Jason Collins, a tax disputes expert at Pinsent Masons, the law firm behind Out-law.com said: "HMRC believes that it should be able to influence the behaviour of companies bidding to do work for the Government. Questions around the bidder's approach to tax mitigation will become as common place as those about Diversity, Bribery Act and CSR policies. The Government will expect the company not to take an aggressive approach to tax planning. In some cases, aggressive tax avoidance may cause the company to fail in its bid."
If the new arrangements are to be effective from April 2013, the detail of the proposals will presumably have to be announced before that date, Collins pointed out. He commented that one key issue will be the definition of "avoidance". It is also not clear how far the measure will go, he said. One possibility is that HMRC will also look at the personal tax compliance position of the directors and owners of those businesses, Collins added.
"The Boards of private sector businesses will need to check their overall strategy on tax compliance and risk. It will need to be properly documented, available for all to see and - most importantly - they will not be able to pursue activities which HMRC believe fall on the wrong side of the line." said Jason Collins. "The problem is where the line is drawn - commonly used tax planning techniques may be deemed 'unacceptable' by HMRC. A business might not want to take the risk of failing this aspect of the procurement process so may take a cautious approach." he said.
As a starting point Collins recommended that the Board should be fully aware of the historic tax strategy and of any risks in the light of HMRC's likely approach.
It is proposed that the measure will extend to evasion as well as avoidance.
Jason Collins said "We will have to wait for the details, but the measure is likely to extend to checks on what steps a business is taking to make sure it is not engaging with tax evaders even if it is not evading tax itself. For example, the Government might expect that a construction company has robust policies around how it pays contractors and gang masters.
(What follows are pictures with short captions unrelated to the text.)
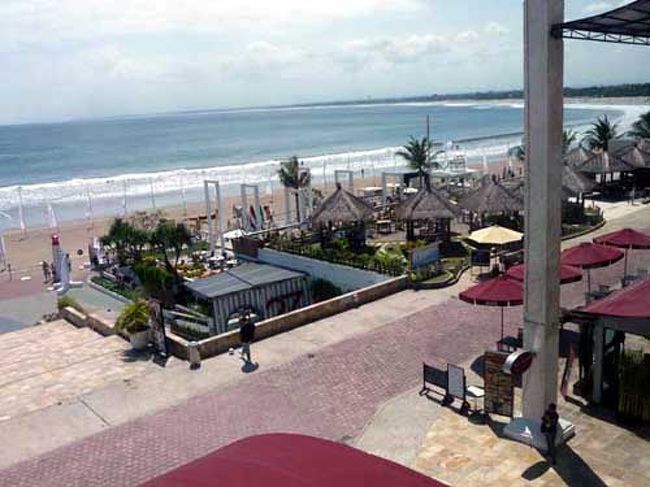 しかも！レストランからはクタの海が一望できて<br />ロケーションも最高なんすよ。<br />夕焼けも綺麗に見えるんだろうな〜。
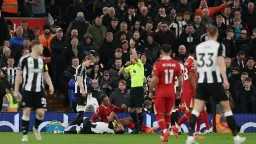 محمد صلاح يصنع ويقود ليفربول...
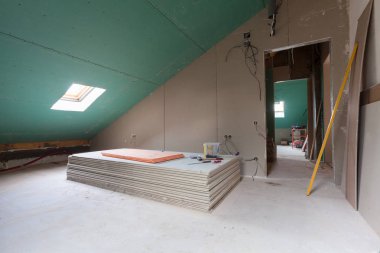 Araçları ve inşaat malzemesi remodeling, tadilat ve inşaat sırasında dairenin odasında Alçıpan, iskele, bölümlerini yaprak işlemek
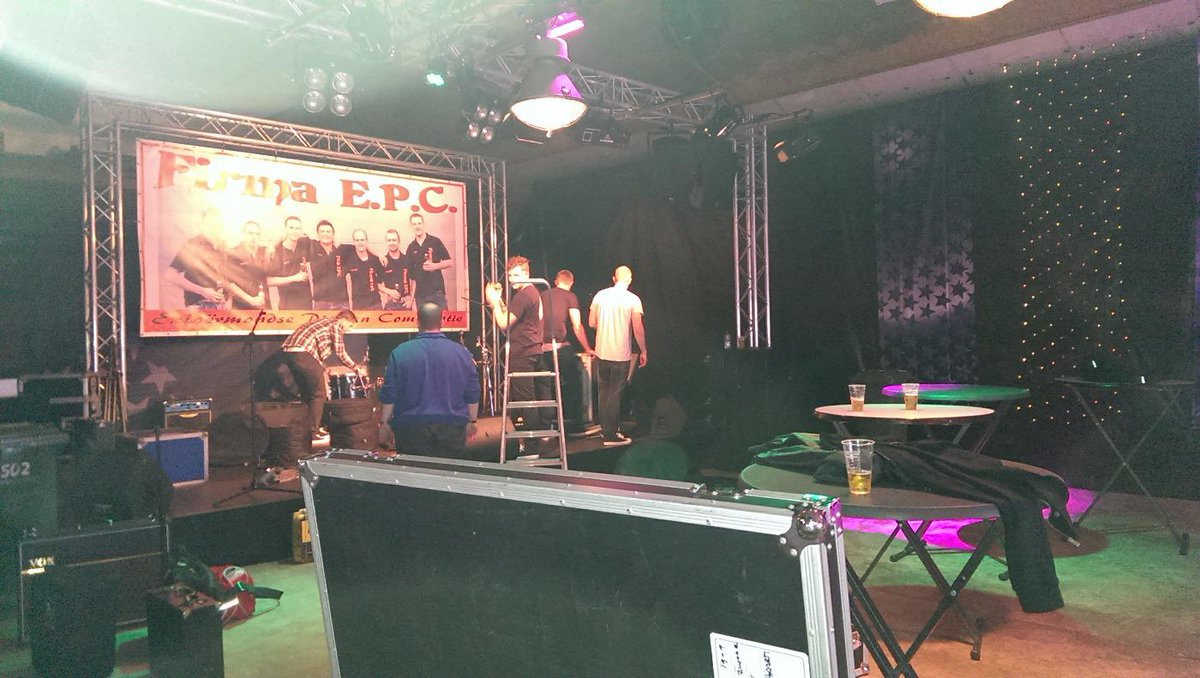 FirmaEPC's tweet photo. 5th Wheel al druk aan het opbouwen voor vanavond. Gaan er een mooi feestje van @FirmaEPC http://t.co/1RFDbJljq7
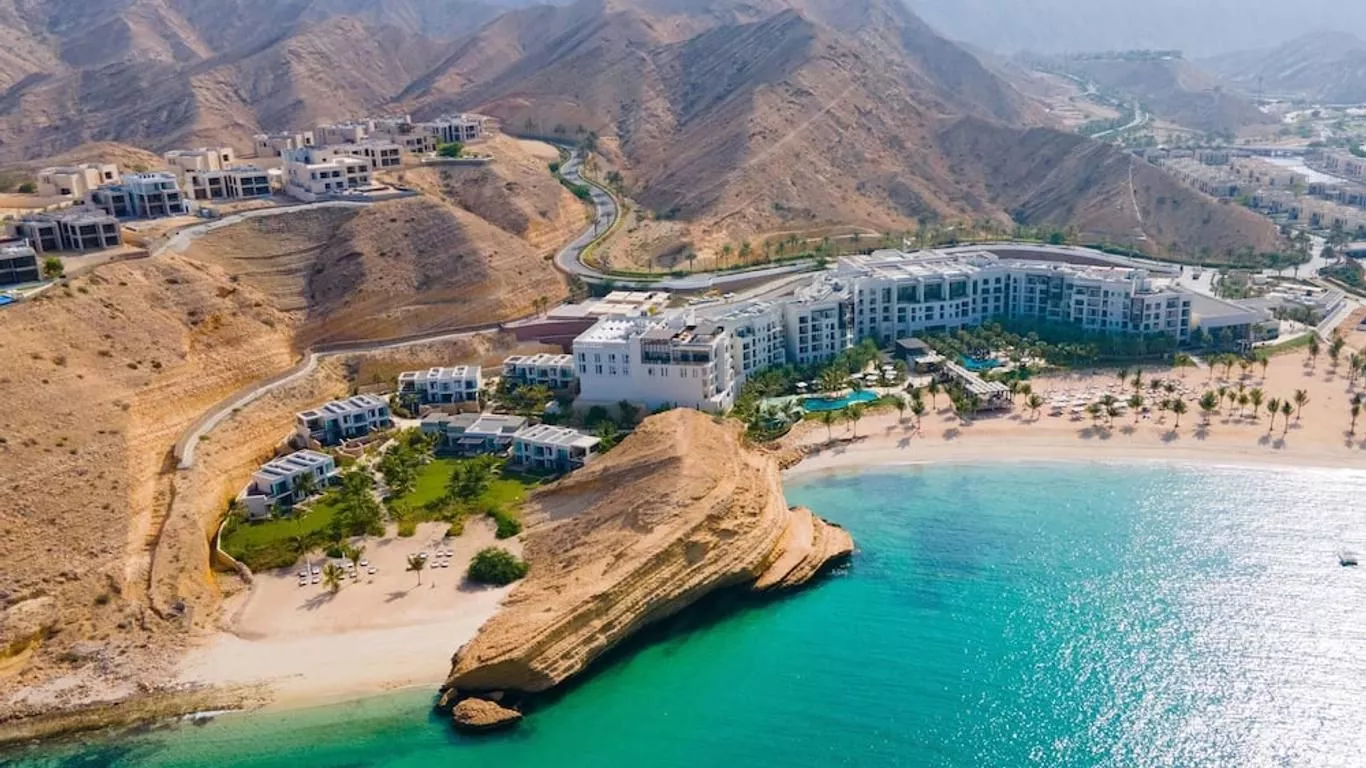 The Beachfront, Jebel Sifah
Even if the business may not be legally liable for the loss to fraud, the Government may not award contract to companies which are not doing enough to stamp out bad practices in the industry."
The Chief Secretary to the Treasury, Danny Alexander first announced in September that HMRC and the Cabinet Office had been asked to look into how the Government could use the procurement process for Government contracts "to deter the very small minority of companies and individuals that do so from evading tax and using aggressive tax avoidance schemes".